• PROBLEM STATEMENT
Please write out the full listing beneath this line exactly, skipping its images.
RECORDED INFORMATION Start Marker
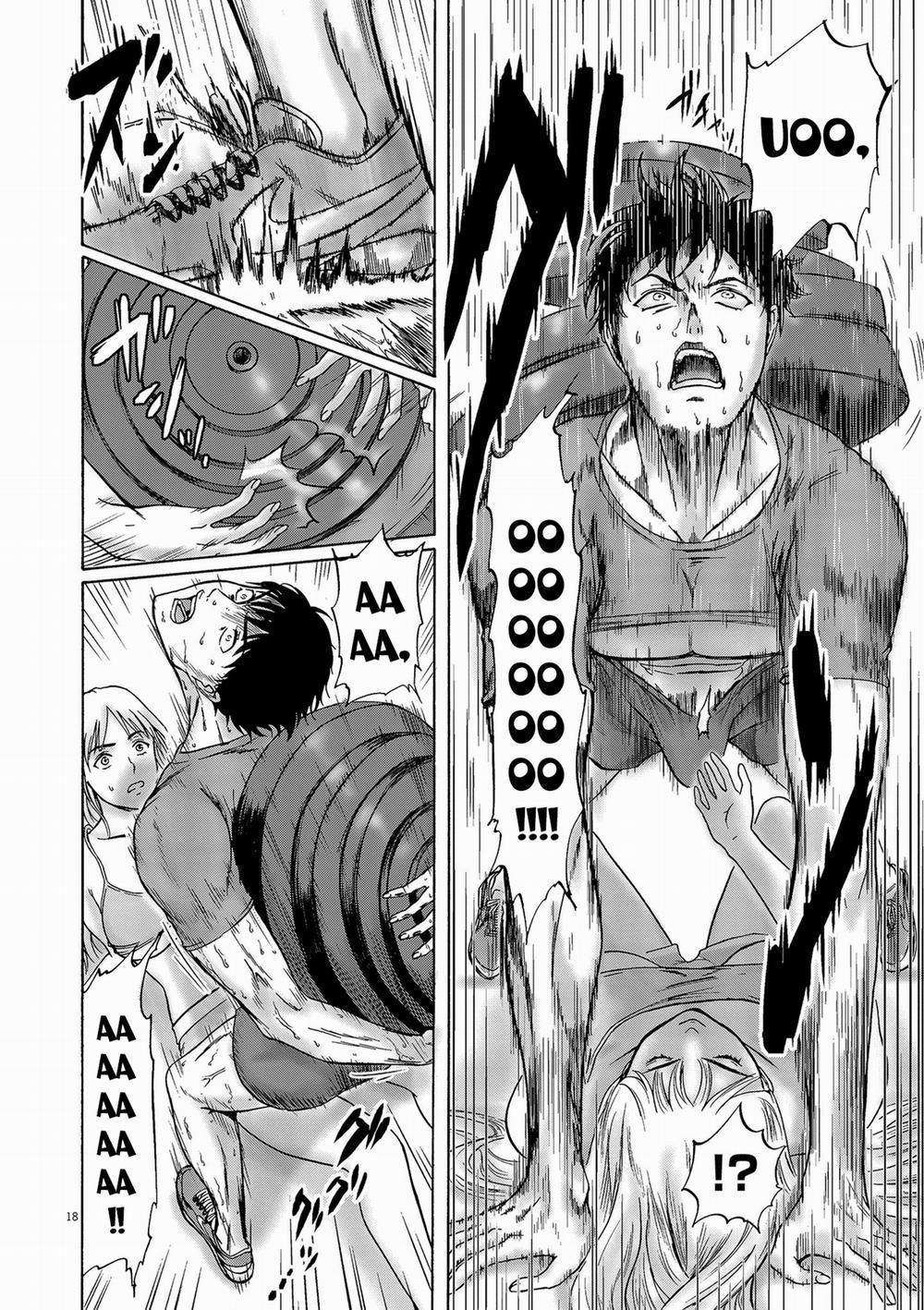 Tôi Không Phải Miếng Mồi Ngon Của Mấy Người! 3 trang 19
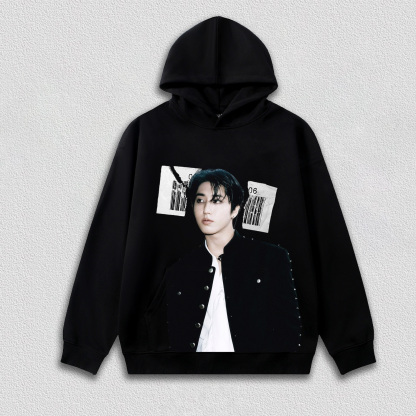 Stray Kids Han HOODIES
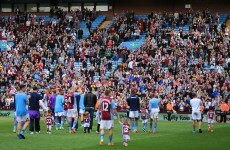 For Sale: Aston Villa - Premier league club with Lambert as manager and Lerner as ex-owner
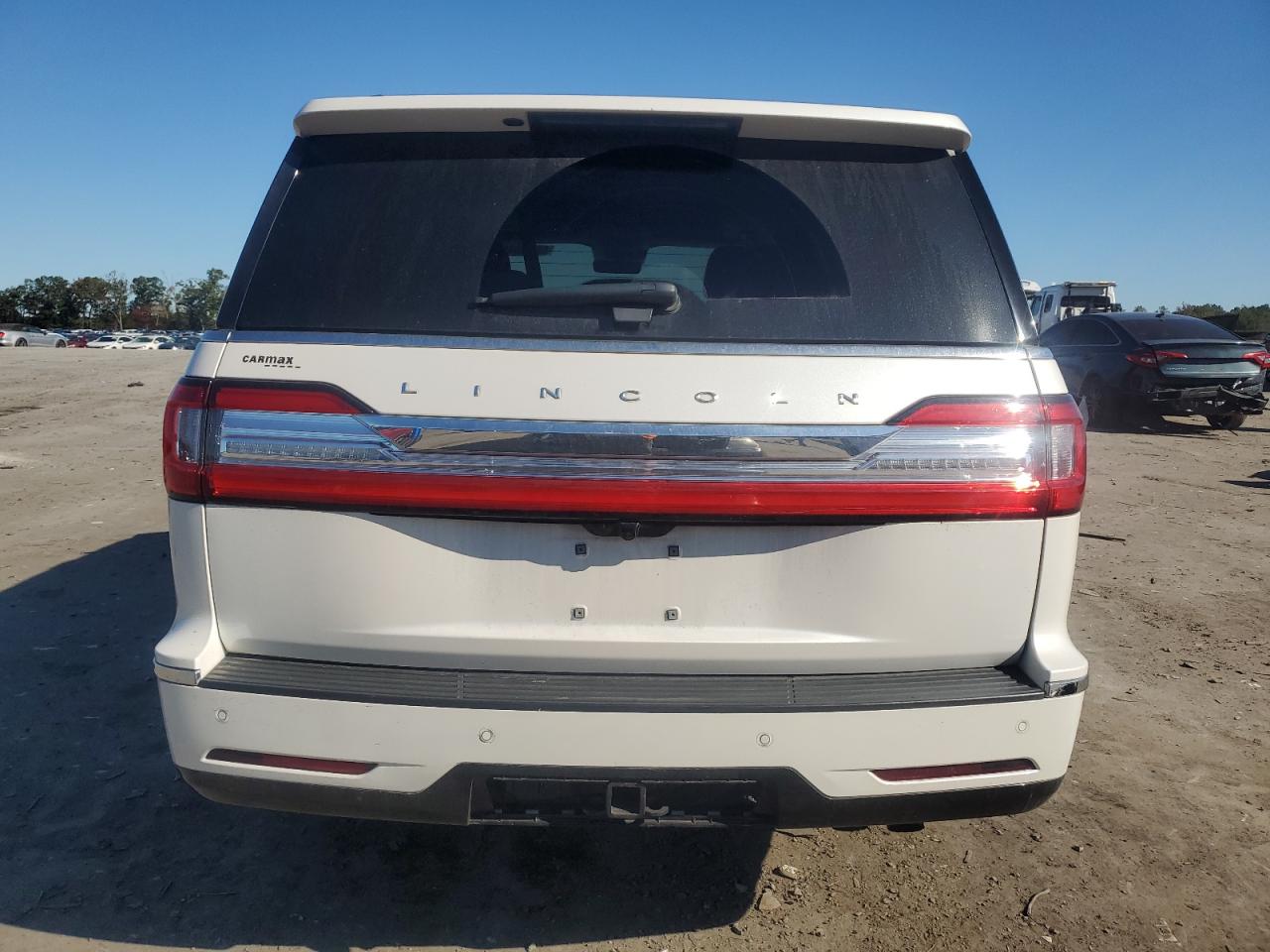 2019 Lincoln Navigator Select VIN: 5LMJJ2HT5KEL03592 Lot: 85010645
RECORDED INFORMATION End Marker
• RESULT OF THE EXERCISE
 Tôi Không Phải Miếng Mồi Ngon Của Mấy Người! 3 trang 19
 Stray Kids Han HOODIES
 For Sale: Aston Villa - Premier league club with Lambert as manager and Lerner as ex-owner
 2019 Lincoln Navigator Select VIN: 5LMJJ2HT5KEL03592 Lot: 85010645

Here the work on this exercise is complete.